SOUTH DEERFIELD — Dozens of small hands shot into the air at Deerfield Elementary School as professional flutist Zara Lawler played the first few notes of “Mary Had a Little Lamb,” each student hoping for a chance to identify the song’s title.

“I have been playing the flute for almost 40 years, and in that time I have never once been bored because the flute can make so many sounds,” Lawler told the roughly 50 fourth-grade students seated in a semi-circle on the cafeteria floor, in front of the school’s stage.

Beside Lawler, percussionist Paul Fadoul stood behind a marimba, a massive instrument that looks and sounds like a xylophone.
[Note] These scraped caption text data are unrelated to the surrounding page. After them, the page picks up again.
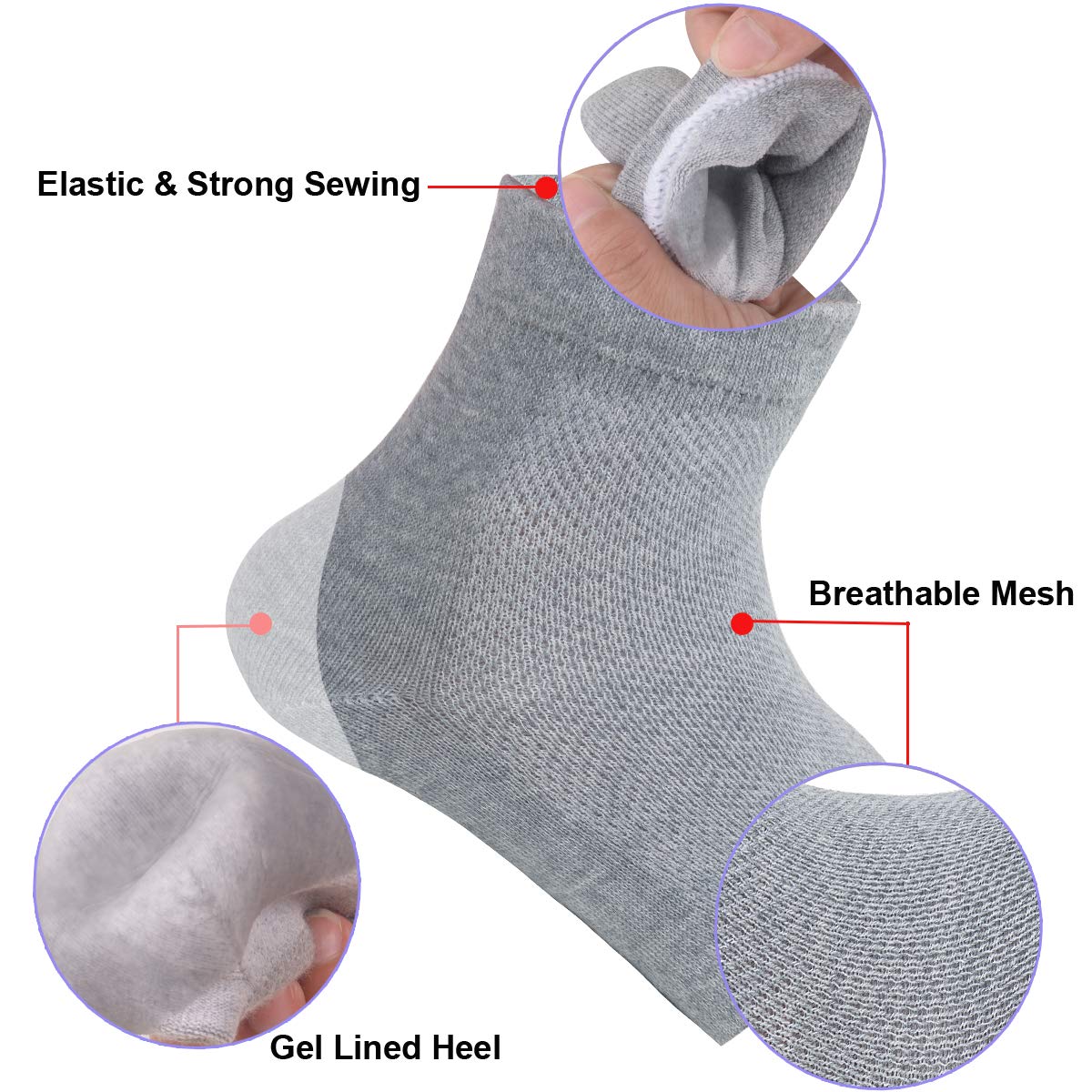 Three pairs of Exptolii gel socks in gray green and pink colors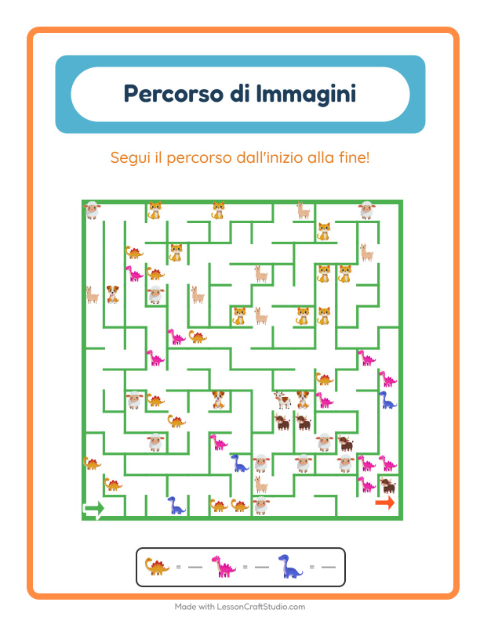 Anteprima della scheda di Percorso Illustrato con Dinosauri per Scuola dell'infanzia (5-7 anni)
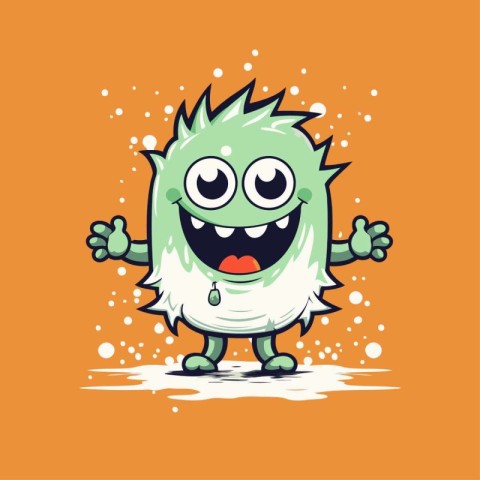 Cute cartoon monster. Halloween vector illustration. Cute monste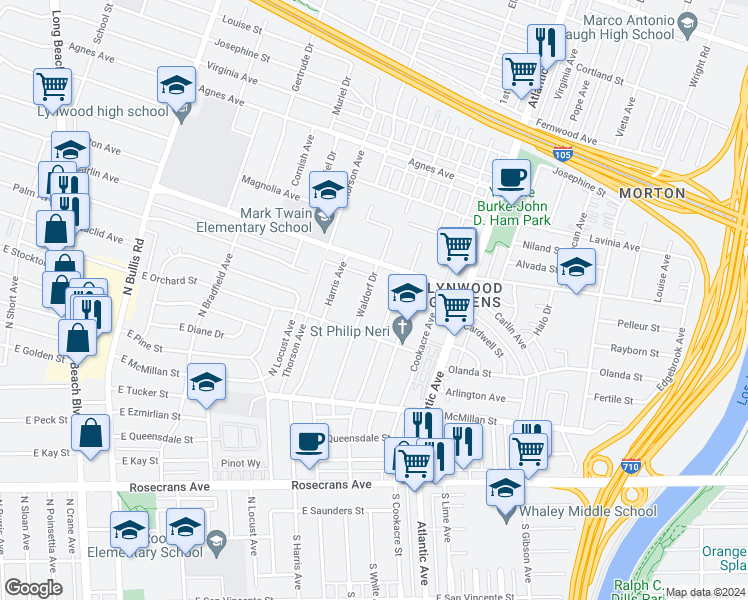 map of restaurants, bars, coffee shops, grocery stores, and more near 12422 Waldorf Drive in Lynwood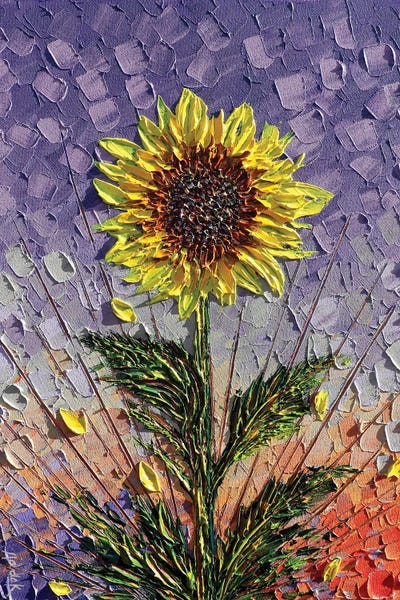 Single Sunflower - Purple Yellow Orange by Nada Khatib art print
The duo, known as Lawler+Fadoul, tour the country as musicians and educators with the National Symphony Orchestra. Recently, they led Union 38 students — making stops at all four elementary schools — through interactive music lessons.

The teaching series was organized by Steve Damon, music teacher at Whately Elementary School. Damon often plays instruments outside the school’s Long Plain Road building in the morning as students are getting off the bus. A few years ago, while playing, he met Zara Lawler’s sister, Sukie Lawler, who has two children in the school district.

Since then, Damon has worked to bring Lawler+Fadoul to Union 38 students. Recently, the musical duo received a grant from Chamber Music America, which, combined with PTO money, made the series possible. Lawler said, in the past, they’ve performed the same show at the John F. Kennedy Center for the Performing Arts in Washington, D.C.

“Very interactive. They played a lot of music, and had students up and dancing, clapping, singing. The kids absolutely loved it,” Damon said, referring to the duo’s performance at Whately Elementary School Wednesday morning.

Last Friday, students identified tunes, clapped beats, spoke lyrics, hummed melodies, and jumped around the stage playing a musical game called “make your move.” Fadoul and Lawler improvised music to dance moves improvised by students — encouraging “active listening,” explained Marijo Sherrill, strings teacher at the Union 38 district.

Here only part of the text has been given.